Work request: Check each line of the data for "Long" and select those that have it.

____

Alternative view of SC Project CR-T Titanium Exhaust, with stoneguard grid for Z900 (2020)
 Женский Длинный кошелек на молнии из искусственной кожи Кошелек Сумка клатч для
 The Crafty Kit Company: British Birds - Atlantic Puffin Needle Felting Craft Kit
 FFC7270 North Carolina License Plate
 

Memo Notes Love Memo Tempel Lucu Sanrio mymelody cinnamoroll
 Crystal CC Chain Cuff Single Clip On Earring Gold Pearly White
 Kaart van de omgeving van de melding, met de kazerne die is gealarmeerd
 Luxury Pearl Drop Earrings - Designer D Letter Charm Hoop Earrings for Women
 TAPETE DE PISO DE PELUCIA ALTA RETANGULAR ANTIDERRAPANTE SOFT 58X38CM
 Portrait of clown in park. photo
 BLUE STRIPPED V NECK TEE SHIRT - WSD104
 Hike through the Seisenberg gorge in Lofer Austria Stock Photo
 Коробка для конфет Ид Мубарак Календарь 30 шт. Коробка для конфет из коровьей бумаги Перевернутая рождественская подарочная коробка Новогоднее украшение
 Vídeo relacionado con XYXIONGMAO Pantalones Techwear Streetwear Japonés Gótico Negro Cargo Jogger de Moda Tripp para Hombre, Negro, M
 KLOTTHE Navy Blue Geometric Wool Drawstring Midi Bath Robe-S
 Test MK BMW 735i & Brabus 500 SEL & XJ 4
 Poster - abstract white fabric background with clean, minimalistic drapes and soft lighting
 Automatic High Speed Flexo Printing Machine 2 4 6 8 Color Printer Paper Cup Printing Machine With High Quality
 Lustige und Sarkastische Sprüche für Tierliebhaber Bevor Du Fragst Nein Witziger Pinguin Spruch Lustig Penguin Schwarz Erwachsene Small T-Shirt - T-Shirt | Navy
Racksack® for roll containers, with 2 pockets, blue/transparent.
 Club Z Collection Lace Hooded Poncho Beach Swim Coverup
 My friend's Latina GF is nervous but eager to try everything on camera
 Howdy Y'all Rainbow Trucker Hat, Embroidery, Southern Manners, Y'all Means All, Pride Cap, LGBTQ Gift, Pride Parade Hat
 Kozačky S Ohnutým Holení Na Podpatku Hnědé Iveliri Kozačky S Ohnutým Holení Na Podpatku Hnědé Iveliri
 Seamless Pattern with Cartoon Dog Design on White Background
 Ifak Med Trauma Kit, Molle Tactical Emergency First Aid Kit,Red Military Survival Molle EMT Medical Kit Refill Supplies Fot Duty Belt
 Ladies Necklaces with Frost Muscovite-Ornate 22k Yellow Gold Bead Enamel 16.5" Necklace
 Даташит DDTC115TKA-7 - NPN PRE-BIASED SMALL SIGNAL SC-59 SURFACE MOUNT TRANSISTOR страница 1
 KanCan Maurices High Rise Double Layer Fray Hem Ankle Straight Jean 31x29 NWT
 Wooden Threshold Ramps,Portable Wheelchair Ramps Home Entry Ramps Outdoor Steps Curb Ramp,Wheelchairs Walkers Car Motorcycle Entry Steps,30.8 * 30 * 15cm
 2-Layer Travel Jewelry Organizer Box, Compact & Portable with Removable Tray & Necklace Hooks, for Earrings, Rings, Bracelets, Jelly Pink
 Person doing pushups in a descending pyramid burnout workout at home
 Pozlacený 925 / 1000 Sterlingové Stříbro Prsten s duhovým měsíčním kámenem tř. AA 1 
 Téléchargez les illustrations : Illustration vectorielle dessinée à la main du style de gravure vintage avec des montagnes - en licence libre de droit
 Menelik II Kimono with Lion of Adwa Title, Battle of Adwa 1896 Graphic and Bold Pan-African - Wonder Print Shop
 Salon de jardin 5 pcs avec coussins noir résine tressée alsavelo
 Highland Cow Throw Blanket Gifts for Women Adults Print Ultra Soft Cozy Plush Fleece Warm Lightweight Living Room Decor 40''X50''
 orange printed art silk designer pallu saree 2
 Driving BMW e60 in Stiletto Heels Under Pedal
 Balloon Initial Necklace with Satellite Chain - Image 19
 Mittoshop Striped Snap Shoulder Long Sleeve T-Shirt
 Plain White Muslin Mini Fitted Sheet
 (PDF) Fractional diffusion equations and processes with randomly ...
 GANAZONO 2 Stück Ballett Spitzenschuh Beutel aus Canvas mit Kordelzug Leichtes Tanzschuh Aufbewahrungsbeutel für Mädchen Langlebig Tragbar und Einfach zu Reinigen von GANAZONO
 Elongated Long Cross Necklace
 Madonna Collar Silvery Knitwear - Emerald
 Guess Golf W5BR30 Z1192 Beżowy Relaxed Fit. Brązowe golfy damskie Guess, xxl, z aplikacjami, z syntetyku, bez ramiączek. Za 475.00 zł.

____

Completed exercise:
 Mittoshop Striped Snap Shoulder Long Sleeve T-Shirt
 Elongated Long Cross Necklace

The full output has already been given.